Although not shown in figures, the space in which the adhesive 510 is received may have various other shapes. For instance, the spacer 400 may be divided into three, four or six spaced-apart subsidiary parts that define an adhesive receiving space therebetween and the subsidiary parts do not need to have a same shape or a symmetrical shape. In case of increasing the number of the parts, adhesion strength between the first and second substrates 100 and 200 may be enhanced as shown in FIG. 9.

FIG. 9 is a table representing adhesive strength (measured in terms of Newtons per cm2 at the point of rupture) between the first and second substrates in accordance with the structure of the spacers.
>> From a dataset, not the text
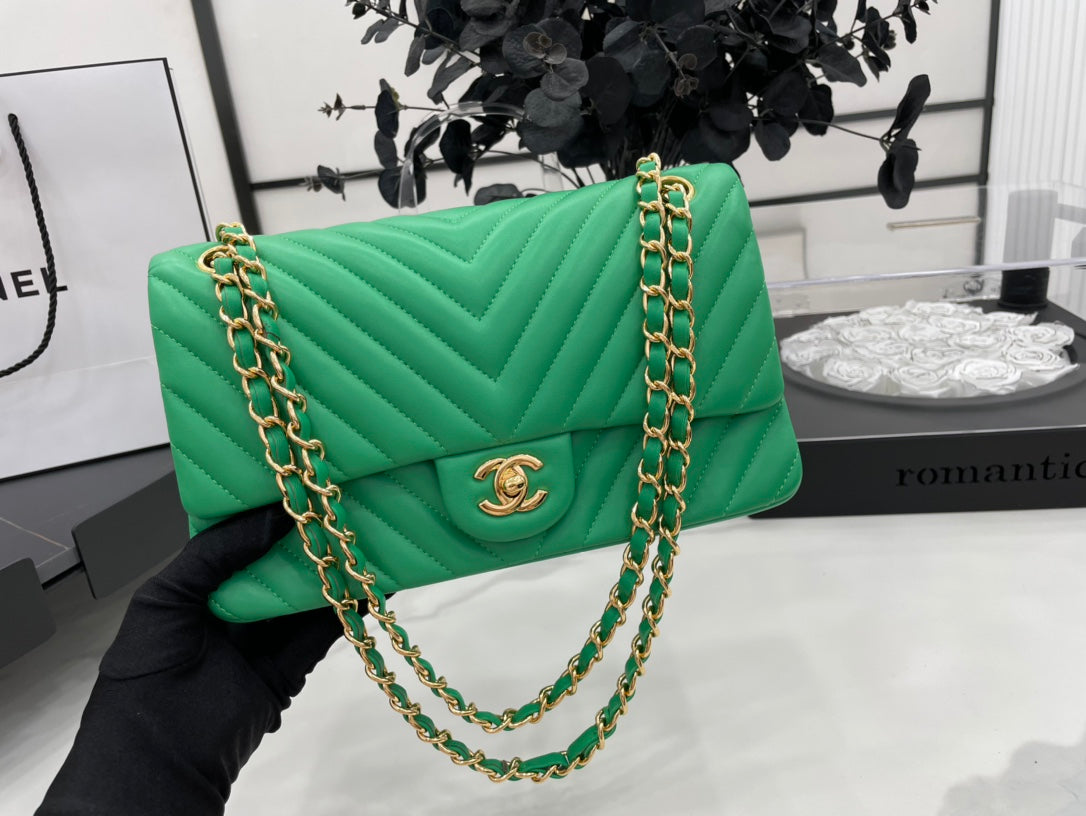 CHL Chevron Mini Rectangular Classic Flap Green Bag For Women 20.5cm/8in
In FIG. 9, a type “A” represents that the spacer 400 is divided into two parts (see FIGS. 7A and 7B), and a type “B” represents that a same initially sized spacer 400 is divided into four parts (see FIGS. 8A and 8B). Experiments for each type have been repeatedly carried out about five times as represented by column headings S1-S5 (no S4 measurement for the A row). The adhesive strength between the first and second substrates 100 and 200 has been represented by a minimal external tearing-apart force applied to the first and second substrates 100 and 200 so that the first and second substrates 100 and 200 are completely separated from each other.

Referring to FIG. 9, an average adhesive strength of the A-type samples has been measured at about 1.50 N/cm2, and an average adhesive strength of the B-type samples has been measured at about 4.34 N/cm2. In the experiments, considering the assembling of the first and second substrates 100 and 200 using only the adhesive 510, the A-type samples and the B-type samples have been represented by adhesives having same relatively superior adhesive strengths. As seen form the results of FIG. 9, the B-type samples wherein the number of the divided parts of the spacer 400 is greater than that of the A-type samples exhibited a superior bonding strength between the upper and lower substrates as compared to the A-type samples.

As described above, the adhesive strength between the first and second substrates 100 and 200 may therefore depend on the number of the divided parts of the spacer 400. Thus, the number of the divided parts of the spacer 400 may be variously adjusted in accordance with the size of the display apparatus and the level of bonding strength desired.

According to the above therefore, each main spacer (i.e., 400) is provided with an adhesive receiving space or recess defined therein for safely receiving at least a portion of excess adhesive that may be extruded during press joined of the upper and lower substrates. In one class of embodiments each main spacer (i.e., 400) is divided into plural, spaced-apart subsidiary parts so as to provide the adhesive receiving space and adhesive-philic surface areas in the interior portion of the main spacer so that an overflow of the adhesive towards the outside of the main spacer post (400) may be reduced or prevented when the first and second substrates are assembled using the adhesive.

Although a number of exemplary embodiments have been described, it is understood that the present disclosure of invention should not be limited to these exemplary embodiments but rather that various changes and modifications in accordance with the disclosure can be made by one of ordinary skilled in the art after having studied the present disclosure.